Minha vida mudou depois de um drama pessoal. Após lutar por dois anos contra um câncer no estômago, meu marido, João, perdeu a batalha. Ele morreu em 23 de março de 1997. E foi a partir desse dia que tive de me reinventar. Professora e dona de casa, mãe de três filhos, vi-me perdida — era o João que administrava as propriedades rurais. Recebi diversos conselhos. Uns diziam para arrendar as terras; outros, para vendê-las. Até que resolvi arregaçar as mangas e assumir as duas fazendas, que ficam no município de Floraí, no Paraná. Para isso, tinha de aprender e estudar, porque eu não entendia de sementes, de solos, nem sabia o que era um alqueire de terra. Meu primeiro passo foi conversar com os empregados e pedir o apoio deles. No princípio, ficaram receosos. Mal falavam comigo. Afinal, nunca tinham tido de lidar com uma mulher. Com o tempo, porém, consegui a confiança, e eles estão comigo até hoje. O segundo passo foi procurar a cooperativa da região, a Cocamar. Aproveitava tudo o que a entidade me proporcionava, de cursos a palestras, mesmo não sabendo perguntar — porque, se você não tem conhecimento do assunto, não sabe nem qual é sua dúvida.

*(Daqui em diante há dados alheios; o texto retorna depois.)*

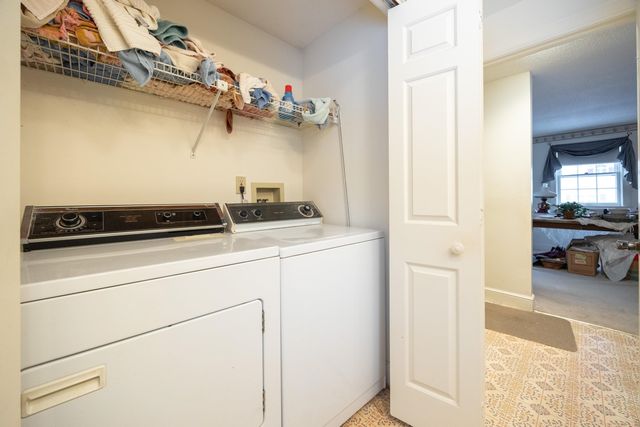 232 Winding Pond Road, Londonderry, NH 03053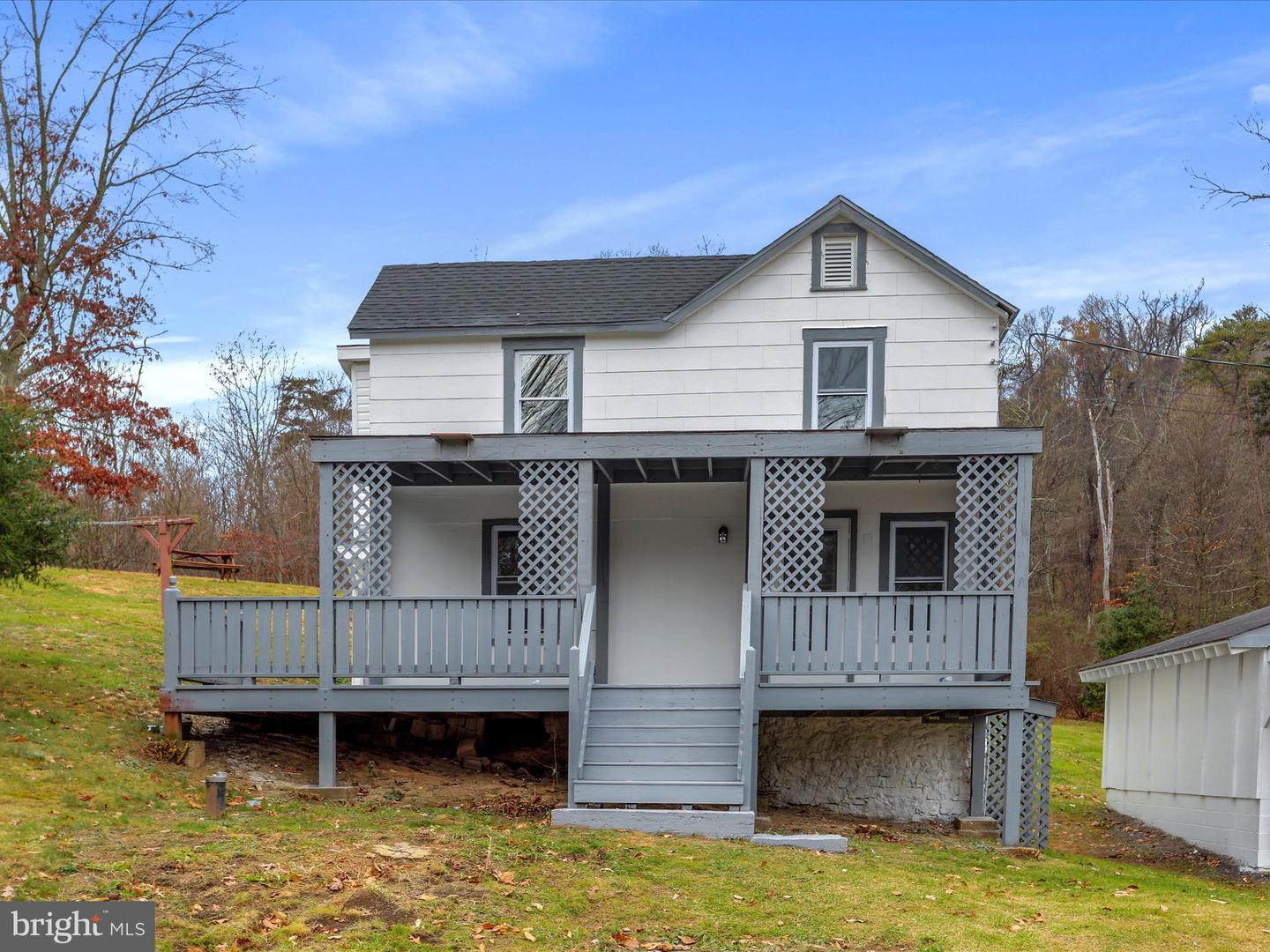 667 Thompson Rd Property Photo 4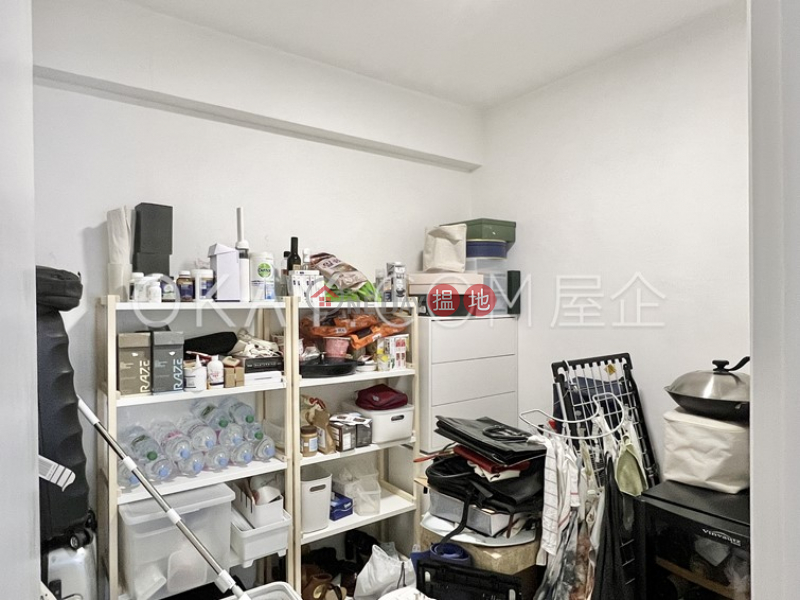 HK$ 26,000/ month | Wah Hing Industrial Mansions, Wong Tai Sin District Tasteful 2 bedroom in Mid-levels West | Rental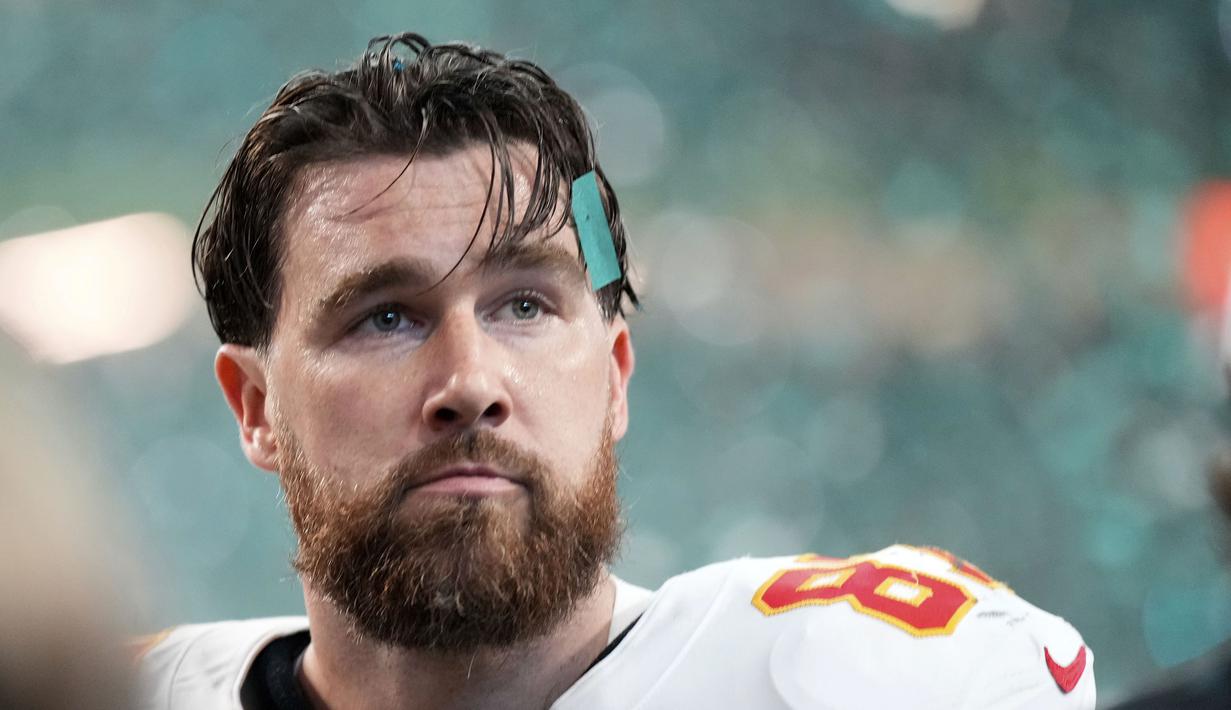 Ekspresi kecewa pemain Kansas City, Travis Kelce setelah kalah dari Philadelphia Eagles dalam laga final yang berlangsung di Caesars Superdome, New Orleans, Louisiana, Senin (10/02/2025). (AP Photo/Godofredo A. Vásquez)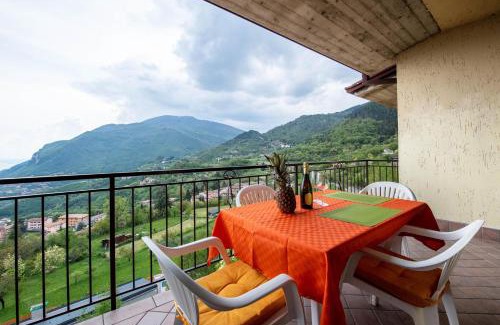 Gardola Apartment | Appartamento le Coste Lake View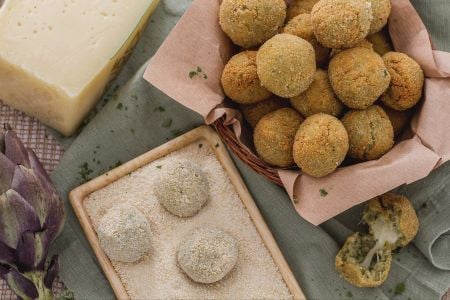 Albóndigas de alcachofa con corazón fundente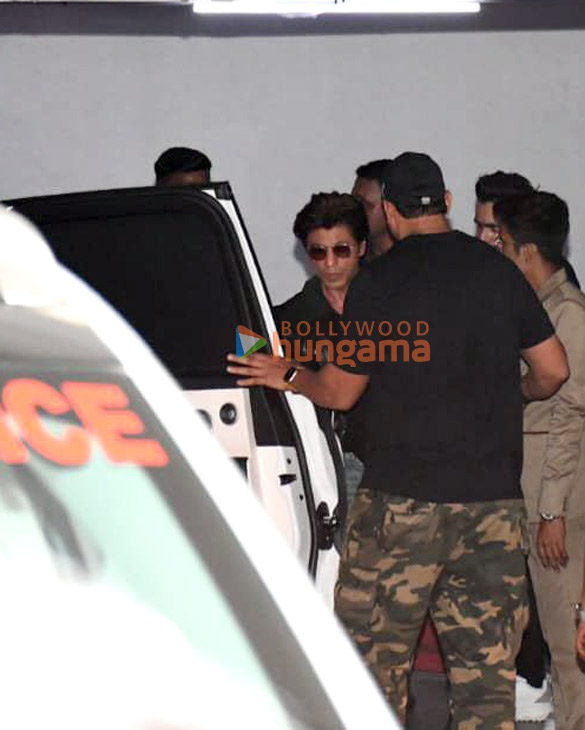 photos shah rukh khan rani mukerji and karan johar surprise fans at kuch kuch hota hai screening 1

No início dessa nova fase de vida, tive duas grandes dificuldades. A primeira foi enfrentar o preconceito por ser mulher, e ainda viúva, num ambiente dominado por homens. Mas, à medida que me impunha, conquistava o respeito. A segunda foi em relação aos meus três filhos. Ana Cláudia, a mais velha, era recém-formada em arquitetura, mas ainda não estava casada; a do meio, Mara Sandra, é portadora de síndrome de Down, e eu não podia deixá-la com qualquer pessoa; o caçula, Paulo César, era adolescente, e eu queria muito proporcionar a ele uma faculdade. Perdi a conta de quantas vezes chorei de saudade deles, mas eu tinha de buscar o pão de cada dia. Passei momentos de solidão, sem ter com quem dividir dúvidas e angústias.
O primeiro desafio aconteceu logo na minha safra de estreia. Era época de plantar milho, mas o maquinário estava sucateado, não tinha como semear. Procurei a concessionária e comprei meu primeiro trator. Fiquei muito feliz. Nunca atrasei uma prestação. Passava madrugadas fazendo cálculos de quanto a soja me renderia para pagar as dívidas. O mercado oscila demais, a cotação do grão varia de um dia para o outro. É sempre um dilema: vender hoje ou esperar subir? Na agricultura, é difícil fazer previsões, a atividade depende do clima. Você planta e fica pensando: será que Deus vai mandar chuva? São quatro longos meses olhando para o céu. Na época do meu marido, nas fazendas havia soja, milho e gado, porém a receita com os animais caiu e resolvi trocá-los pelo cultivo da laranja, que tinha rendimento superior. Mas a minha menina dos olhos é a soja. Em três safras, 2015, 2016 e 2018, fui premiada no Paraná por conseguir a maior produtividade da região. Por mais que eu sempre buscasse o melhor manejo, nunca imaginei que seria a “rainha da soja”. Foi o reconhecimento por toda a minha luta. Encontrei barreiras, porém em nenhum momento pensei em desistir. Nem quando levei o maior tombo. Era uma quarta-feira, a soja estava amarelinha, e iríamos iniciar a colheita no dia seguinte, até que o telefone tocou e veio a notícia arrasadora: uma chuva de granizo acabara com toda a plantação. Passei mal, chorei, mas um dia depois ergui a cabeça e estava lá colhendo o pouco que havia sobrado.
Nesses 23 anos à frente das fazendas, eu me sinto realizada e começo a dividir as responsabilidades com meu filho, que conseguiu se formar em direito e hoje trabalha comigo. Tenho certeza de que fiz o meu melhor ao expandir o que o João deixou. Meu desejo é que minha soja continue alimentando as pessoas pelos quatro cantos deste mundo.